New year heralds good fiscal tidings
| NEW YORK
The US economy is poised for its best performance in five years.
Economists describe an economy that will be "solid," "sustainable," and "entering the new year with a wonderful head of steam."
If the optimistic forecasts are accurate, it will mean more Americans find jobs in 2004 - something that has been more difficult this year. A stronger economy could also help lower the federal budget deficit, as government coffers grow from stronger tax collections and fewer unemployment payments. Altogether, it could help President Bush in his reelection bid.
"The economic expansion finally looks secure," says Bill Dudley, chief economist for Goldman Sachs & Co. in New York. "We are a lot more optimistic compared to the last few years."
Behind the optimism is a stronger world economy, which will help absorb some of the production that has ended up in US ports. At the same time, US corporations are in better shape and are starting to spend more money on new products and factories. And, as company balance sheets improve, the stock market may continue its bullish ways - engendering yet more confidence. Just on Monday, in fact, the Nasdaq closed above 2000 for the first time in nearly two years.

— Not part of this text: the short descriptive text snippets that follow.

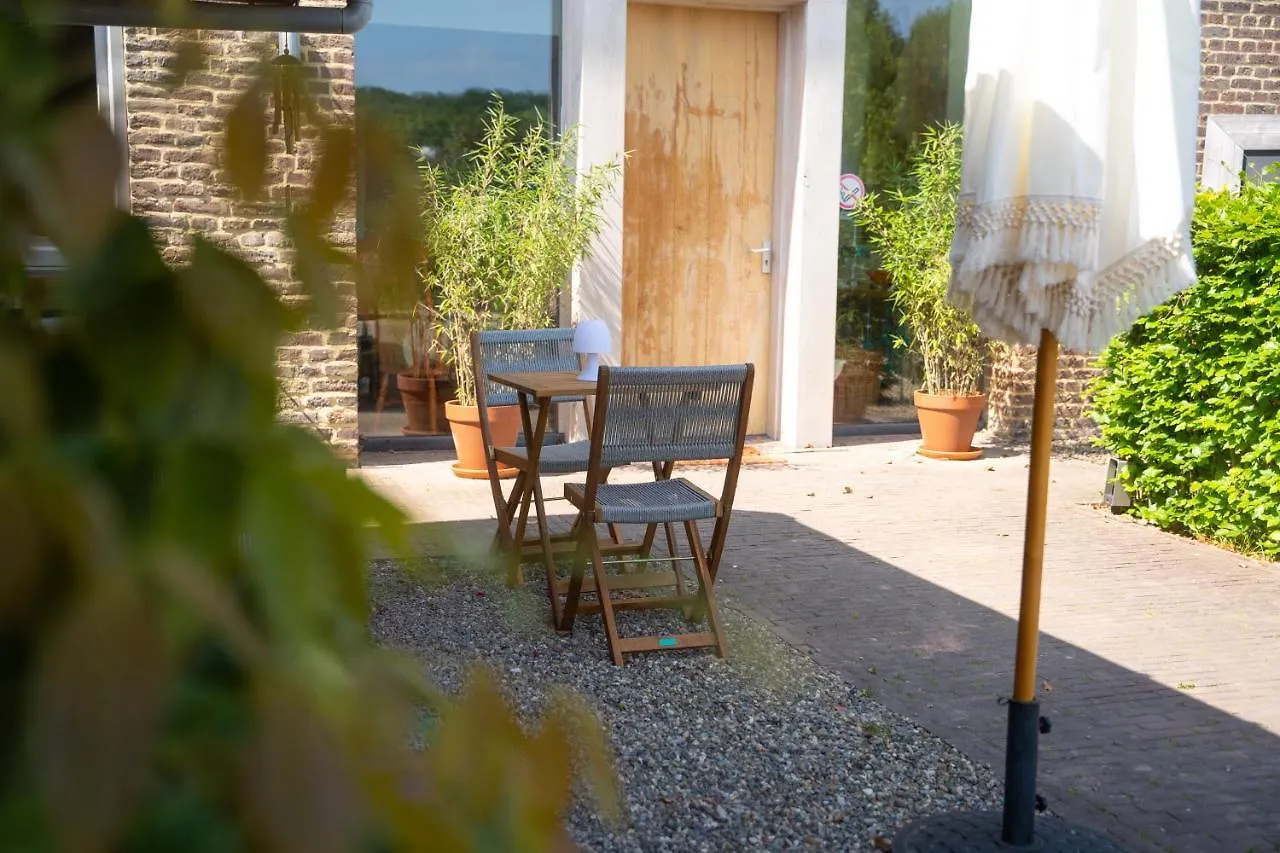 Tweezeven Bed & Breakfast Geulle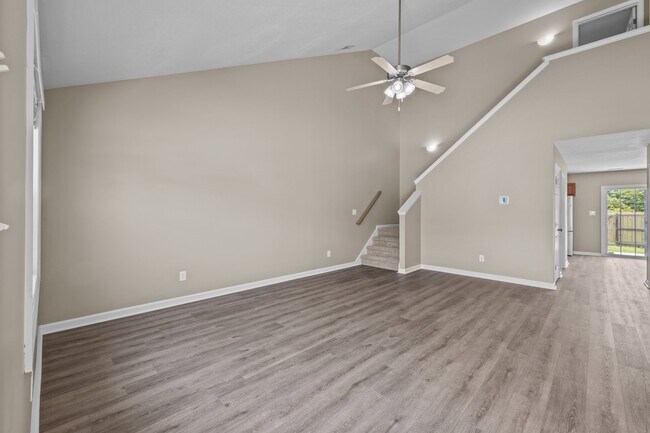 Building Photo - 208 Jessie Cir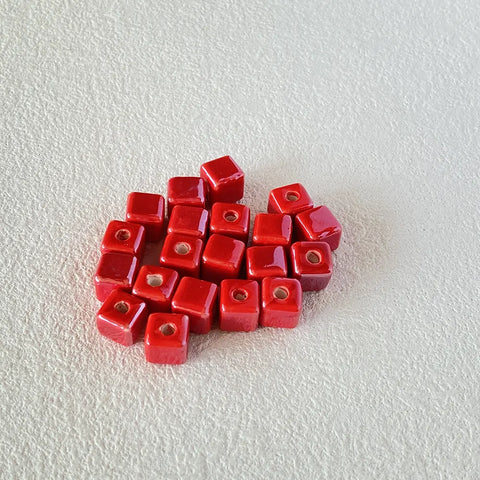 BD00013-01-red-cube-ceramic-beads-8x8mm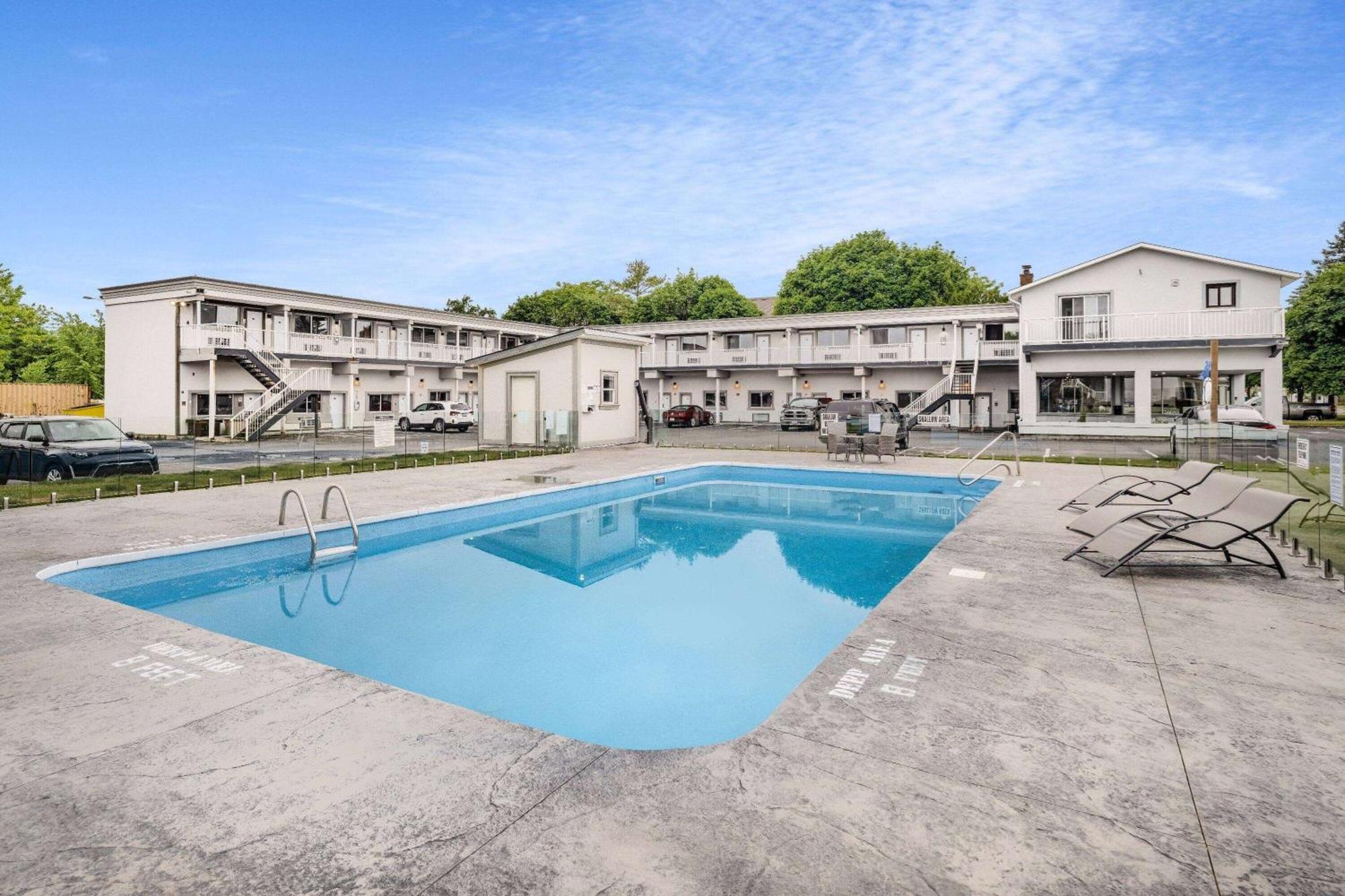 Super 8 By Wyndham Niagara Falls On Экстерьер фото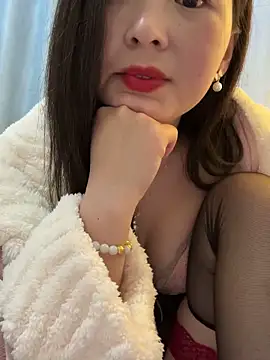 Snapshot of SSSniang- chatting on February 14, 4:37 am SSSniang- online show from February 14, 4:37 am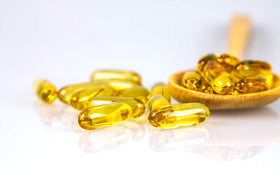 Olympian Labs Mega Omega-3 2000mg flacon avec un verre d'eau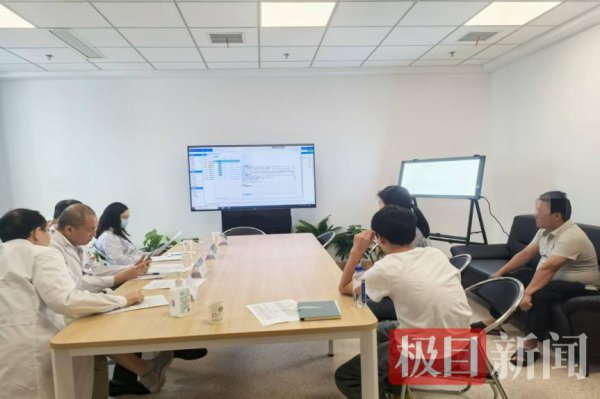 14岁少年倒霉罹患肿瘤, 武大东说念主民病院头颈肿瘤多学科蚁集门诊(MDT)精确施治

With these factors in play, economists anticipate the nation's gross domestic product will top 4 percent growth next year. That's compared with 3 percent this year, 2.5 percent in 2002, and no growth in 2001, a recession year. But in the second half of 2004, some economists, such as Mr. Dudley, expect the economy to slow slightly - perhaps to a 3 percent growth rate - as some of the tax-cut stimulus wears off.
Still, the stronger growth will add about 1 million new jobs to the US economy, estimates Mark Zandi of Economy.com, an economic website. This will help to recoup some of the 2.4 million jobs that have been lost since February 2001, when unemployment started moving up. If things go well, "we'll get half those jobs back," says Mr. Zandi, who adds that there are still 8 million unemployed workers.
Yet despite some improvement already in the jobs picture, employment continues to be a key concern for many Americans. Some analysts predict only moderate gains in hiring.
When considering other factors, economists see a few possible clouds on the horizon. "A substantial terrorist hit would jolt things [and] be a serious risk to the economy," says David Kotok, chief investment officer at Cumberland Advisors Inc. in Vineland, N.J. "The security apparatus - the Department of Home- land Security, which is already gigantic - would double in size," says Mr. Kotok, who is otherwise very upbeat on the economy.
William Sullivan, executive director of fixed-income research at Morgan Stanley, worries that a bomb might go off in a shopping mall. "If something calls into question the safety of American families in public places, that would be a very negative development for growth and the economy as a whole," he says. "It would be devastating in the short run."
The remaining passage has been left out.